Outra presença confirmada no festival é da cantora e compositora Pâmela Amaro, considerada uma das revelações do samba na atualidade. A artista estará acompanhada da banda Herdeiras do Samba em uma autêntica roda de samba. A entrada é franca, sujeita à lotação de 600 pessoas no espaço.
Às 10h, será entregue a estátua de Zumbi dos Palmares, instalada no largo que leva o nome do líder do Quilombo dos Palmares, no bairro Cidade Baixa. Produzida pelo artista Mario Cladera, uruguaio radicado em Porto Alegre desde 1978 e referência em escultura no Rio Grande do Sul, a estátua mede 2,40 metros de altura, somando a lança, e foi feita em bronze. Cladera é autor de 25 obras públicas entre bustos, hermas e figuras de corpo inteiro.

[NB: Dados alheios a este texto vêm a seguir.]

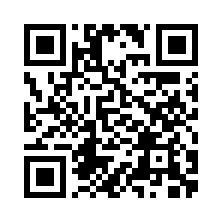 QR Code for 1PHXbMXbcMSAfENPUXVCCevXCACA9gqcjF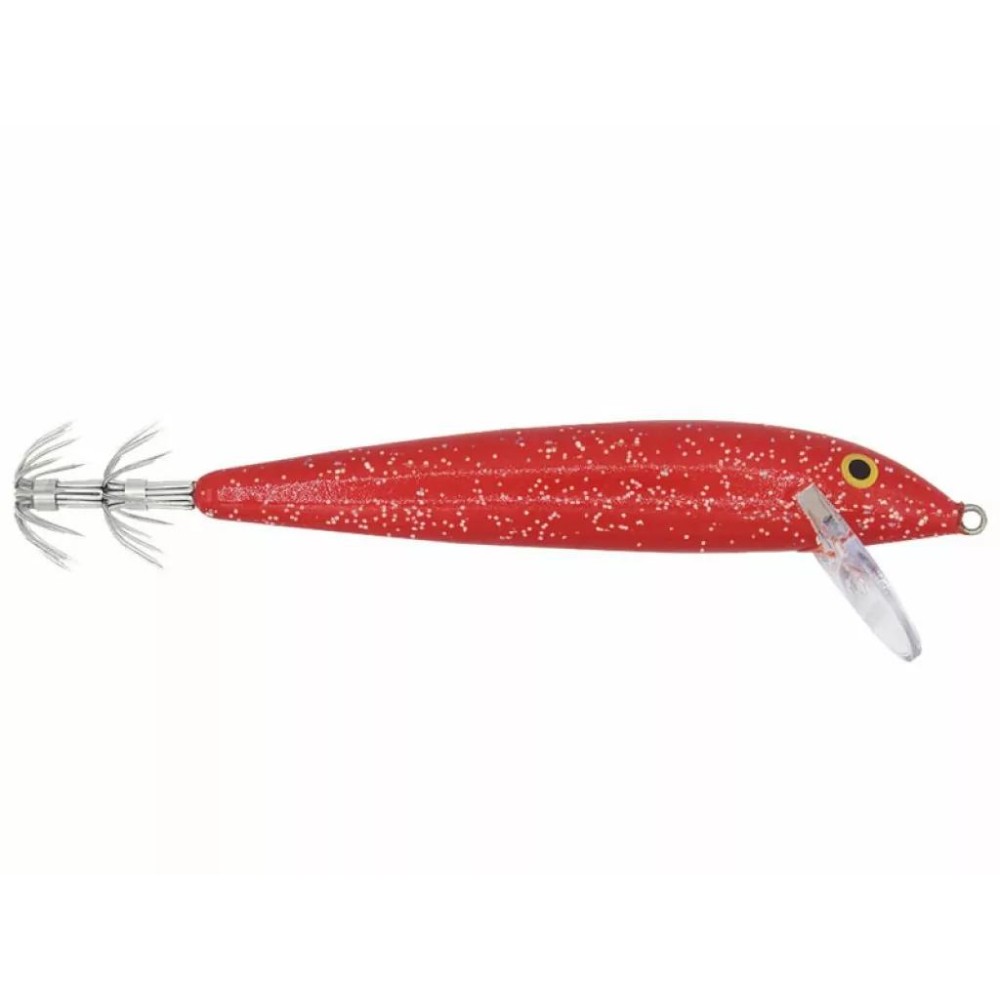 COUNTDOWN SQUID 11CM 16GR RAPALA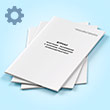 ������ ����������� ������������ � ���������� ������������� ��������������� �����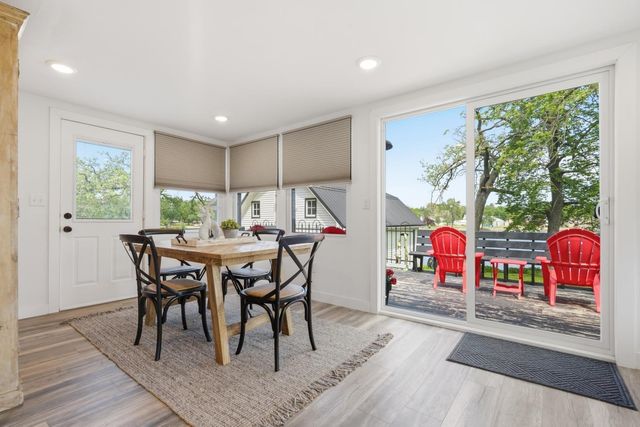 308 NW 4th Avenue, Independence, IA 50644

No Teatro Bruno Kiefer, 6º andar da Casa de Cultura Mario Quintana, será encenado o espetáculo “Negreiros – Histórias que a história não conta”, das 20h às 20h45. Com atuação de Juliano Felix, o espetáculo é um mergulho na escravização contemporânea que envolve o tráfico de pessoas, fluxos migratórios e a ampliação do debate racial no Brasil. Entrada gratuita.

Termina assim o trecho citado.